Na de instelling van de autoritaire Standenstaat (1933/1934) werden de SDAPÖ en sociaaldemocratische organisaties verboden. Ondergronds bleven de sociaaldemocraten echter activiteiten ontplooien. Olah werd in 1933, 1935 en 1937 veroordeeld tot gevangenisstraffen voor het verbeiden van socialistische geschriften. In die jaren was hij ook lid van de illegale Revolutionären Sozialisten Österreichs (RSÖ) en de ondergrondse vakbeweging. Olah was een van de sociaaldemocratische jeugdleiders die clandestien contacten onderhield met de bondsregering om tot gezamenlijke acties te komen tegen de (eveneens verboden) Oostenrijkse Nazi-partij. Na de Anschluss werd Olah in maart 1938 gearresteerd en met tal van andere prominente Oostenrijkers (het zogenaamde "Prominententransport"[1]) naar het concentratiekamp Dachau gedeporteerd. Op 30 maart 1944 werd hij overgeplaatst naar het concentratiekamp Buchenwald. Gedurende zijn jaren in de concentratiekampen knoopte hij contacten aan met tal van medegevangenen, ook met politieke tegenstanders van weleer (o.a. functionarissen van de Standenstaat). In 1945 werd hij bevrijd.

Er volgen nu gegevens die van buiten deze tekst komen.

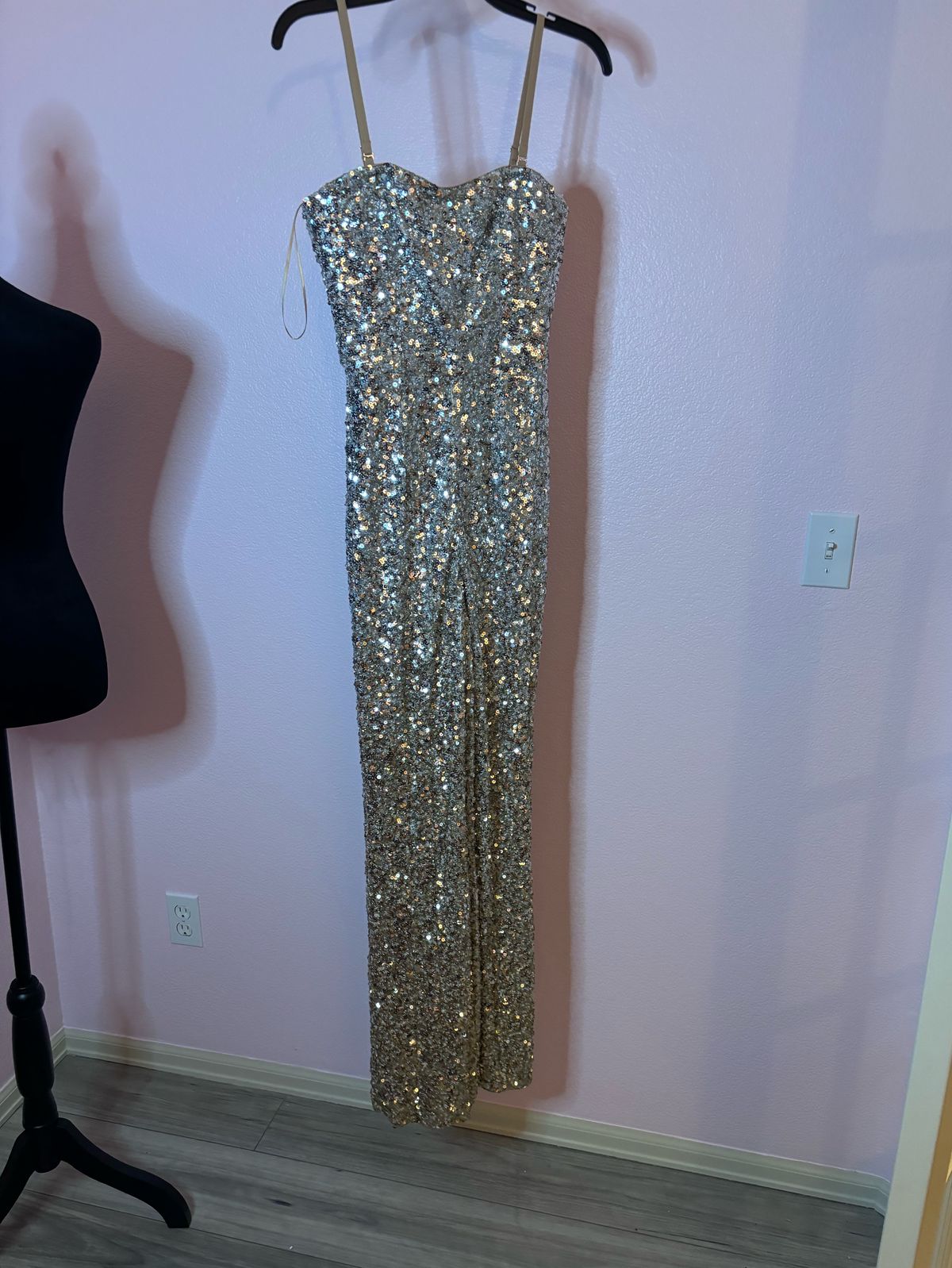 Queenly | Buy and sell prom, pageant, and formal dresses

Politieke carrière bewerken

Na de oorlog sloot Olah zich aan bij de Sozialistische Partei Österreichs (SPÖ) en de overkoepelende vakbondsorganisatie Österreichischer Gewerkschaftsbund (ÖGB). Olah was van 1945 tot 1948 en van 1969 tot 1970 lid van de Gemeenteraad en Landdag van Wenen en was van 1949 tot 1957 voorzitter van de vakbond voor bouw- en houtarbeiders. Als sterk anti-communistisch ingesteld vakbondsbestuurder was hij tijdens de door de communisten georchestreerde staking van het najaar van 1950 betrokken bij het breken van de stakingsactiviteiten. Olah liet zijn vakbondsmensen uitrusten met wapenstokken om desnoods geweld te gebruiken tegen de stakers. Na de staking werd er een paramilitaire organisatie van vakbondsleden opgericht die tot voornaamste taak had bij eventuele stakingen van communistische zijde op te treden.

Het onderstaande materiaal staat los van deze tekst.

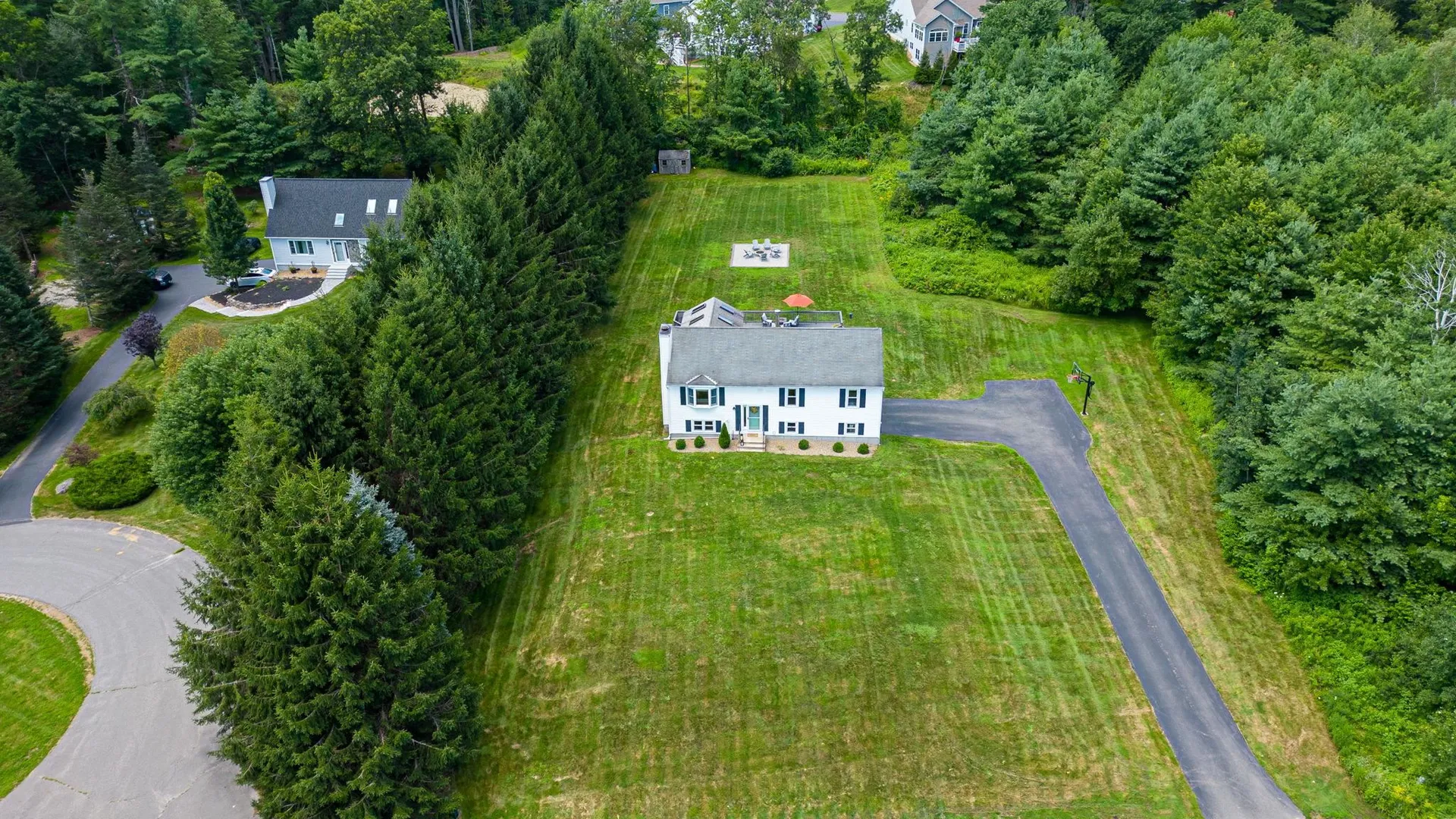 12 Constance Drive Londonderry NH 03053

Na zijn optreden tijdens staking van het najaar van 1950 groeide zijn rol binnen de vakorganisatie ÖGB. Van 1955 tot 1959 was hij vicevoorzitter van de ÖGB en van 1959 tot 1963 bondsvoorzitter. Begin jaren zestig onderhandelde Olah met de bondsregering over het z.g. "Sozialpartnerschaft", het corporatieve overlegmodel dat zo kenmerkend is geworden voor het naoorlogse Oostenrijk. Van 1963 tot 1964 was Olah bondsminister van Binnenlandse Zaken (kabinet-Gorbach II).

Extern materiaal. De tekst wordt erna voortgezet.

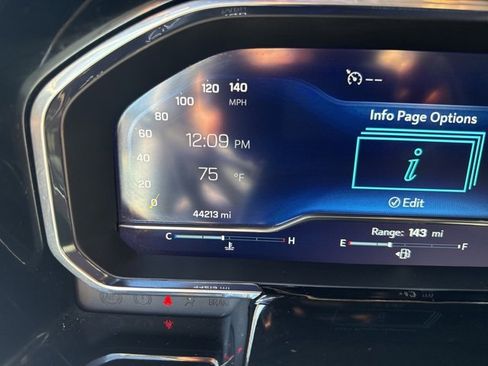 Used 2024 Chevrolet Silverado 2500 LT image 15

Binnen zijn eigen SPÖ had de pragmatische en als relatief behoudend bekendstaande Olah de nodige vijanden. Vooral de sterk ideologisch georiënteerde progressieve vleugel van de SPÖ had weinig op met Olah. In 1964 werd Olah uit de SPÖ gesloten toen aan het licht kwam dat hij een bedrag van 1.000.000 schilling uit de partijkas van de ÖGB had gehaald en had overgemaakt aan de FPÖ om daarmee deze partij financieel te ondersteunen. Zijn tegenstanders verdachten hem ervan dat hij na de verkiezingen een coalitie van SPÖ en FPÖ wilde creëren met zichzelf als bondskanselier.

Nadat hij uit de SPÖ was gesloten richtte Olah de Demokratische Fortschrittliche Partei (DFP) op en deed in 1966 mee aan de parlementsverkiezingen. Tijdens de verkiezingscampagne liet hij zich antisemitisch uit (o.a. over het groot aantal joodse bestuurders binnen de SPÖ).[2] Zijn DFP behaalde weliswaar 3% van de stemmen, maar kreeg vanwege de kiesdrempel toch geen zetel in de Nationale Raad. In 1969 werden Olah en twee collega's in de gemeenteraad van Wenen gekozen. Nadat hij door een rechter werd veroordeeld tot een jaar gevangenis[3] voor zijn aandeel in het verduisteren van geld van de ÖGB trok Olah zich uit de politiek terug en kwam er ook een einde aan de DFP.

Franz Olah overleed op 4 september 2009 in Baden, hij was 99 jaar oud.